Question

A block of volume V and of density σ_b is placed in liquid of density σ₁(σ₁>σ_b), then block is moved upward up to a height h and it is still in liquid . The increase in gravitational potential energy of the block is

Answer 1

Gravitational potential energy is defined as the energy possessed by a body by virtue of its motion under the gravitational field. As the acceleration due to gravity is constant near the surface so the gravitational potential energy of an object at a height h is given by

U = m x g x h

Where m = mass of the block, h = change in height of block, g = acceleration due to gravity.

The zero point of gravitational potential energy can be chosen as any point like that of a coordinate system.

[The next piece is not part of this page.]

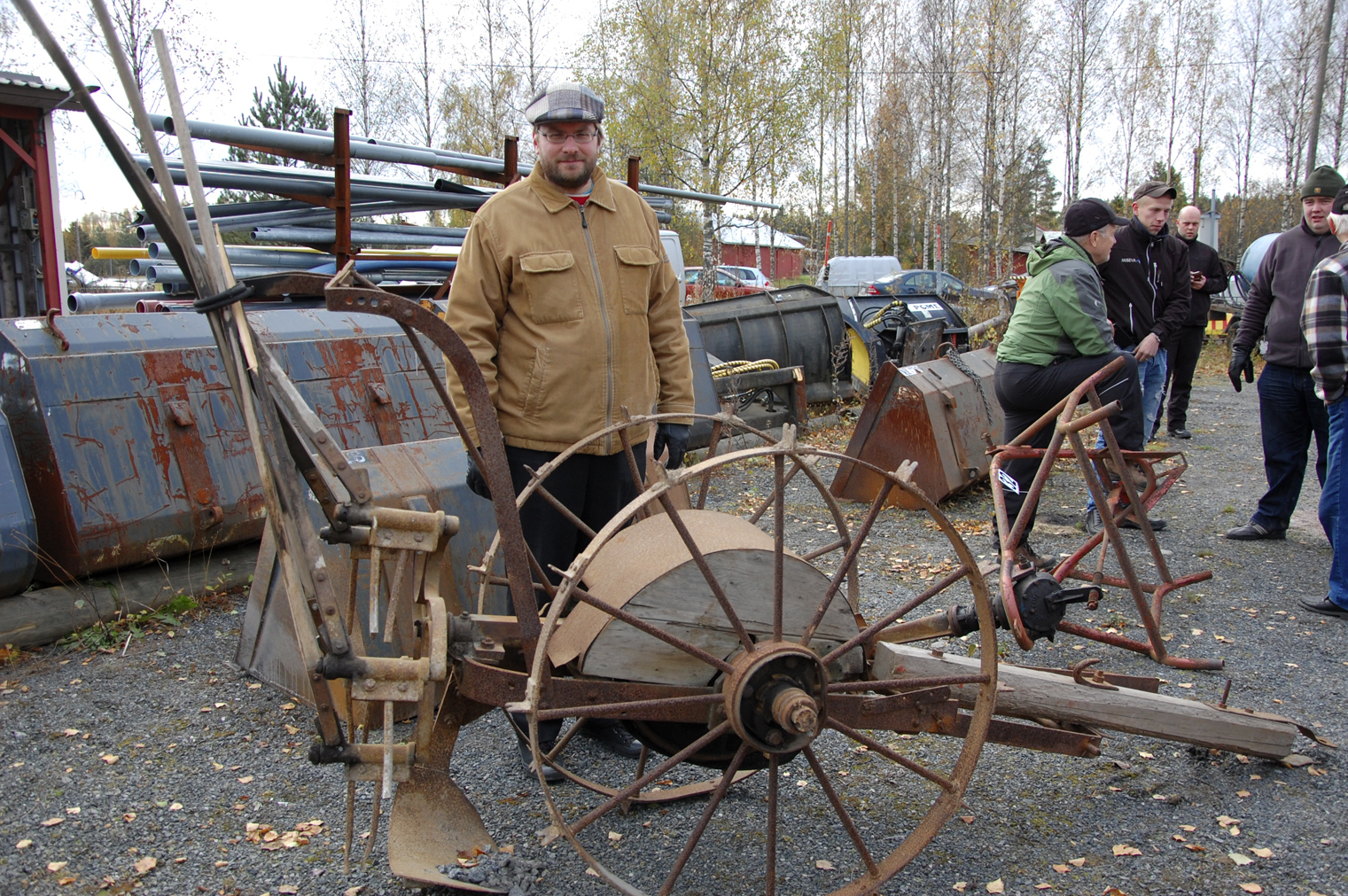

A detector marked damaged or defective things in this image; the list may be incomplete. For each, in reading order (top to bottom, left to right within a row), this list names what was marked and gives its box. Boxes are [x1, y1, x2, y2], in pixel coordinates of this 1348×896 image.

rusty wagon wheel [514, 413, 1000, 896]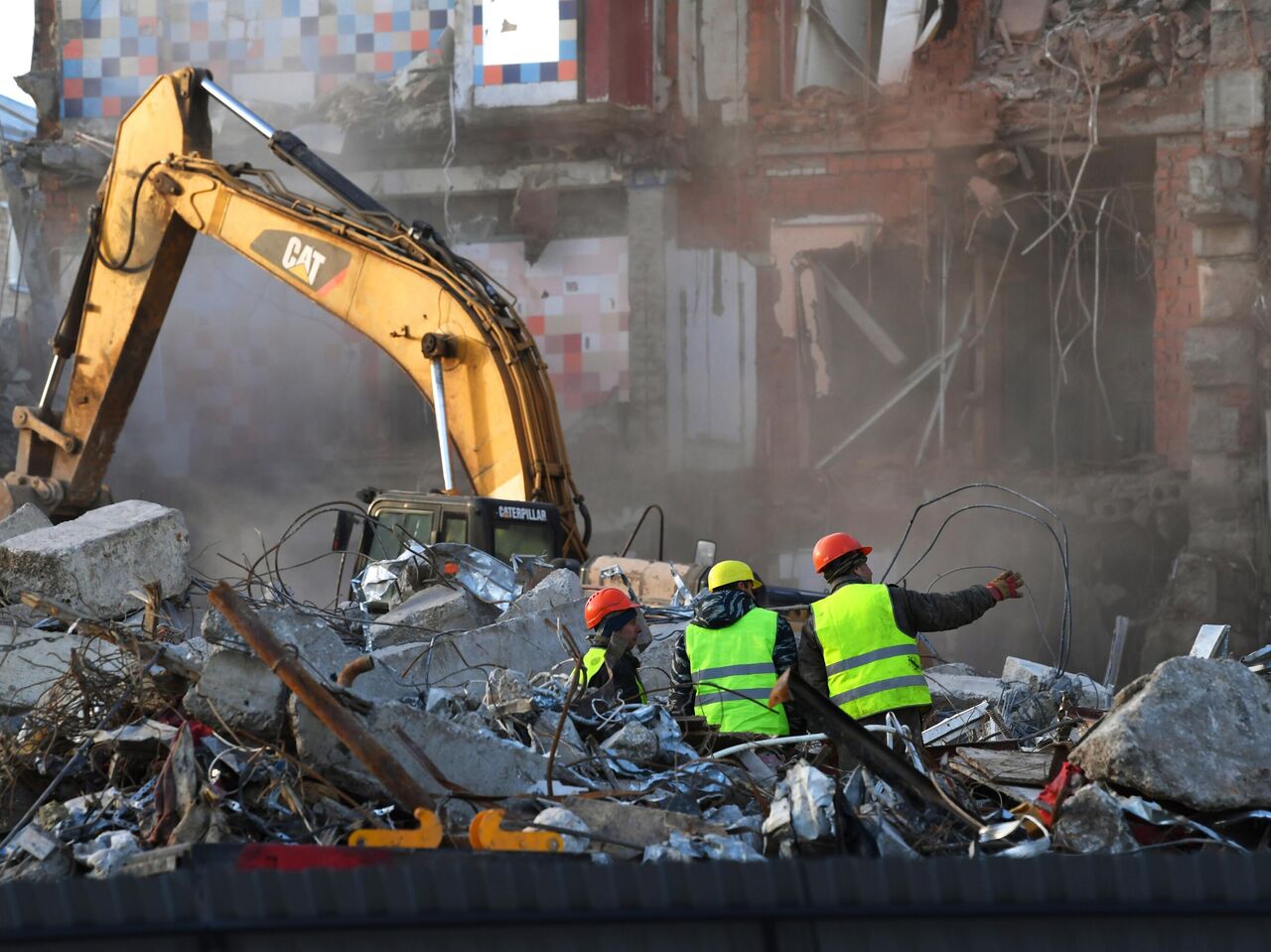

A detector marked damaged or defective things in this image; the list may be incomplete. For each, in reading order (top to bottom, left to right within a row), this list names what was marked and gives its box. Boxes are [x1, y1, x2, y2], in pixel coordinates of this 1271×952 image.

As the gravitational potential energy of an object of mass m only depends upon the position and acceleration due to gravity and independent upon the medium it is placed so the change in gravitational potential energy will be equal in a liquid medium and air medium.

Let the block has mass m, is initially at height h₁ from the ground and its height changes to h₂, where (h₂ − h₁ = h)

Change in potential energy of the block when height changes from h₁ to h₂

ΔU = final potential energy − initial potential energy

= mgh₂ − mgh₁

= mg(h₂−h₁)

= mgh

Because (h₂ − h₁ = h)

Mass of the block

= density of block × volume of block

= σ_b×V

Now Change in potential energy is given by

ΔU = mgh = σ_bV × gh = σ_bVgh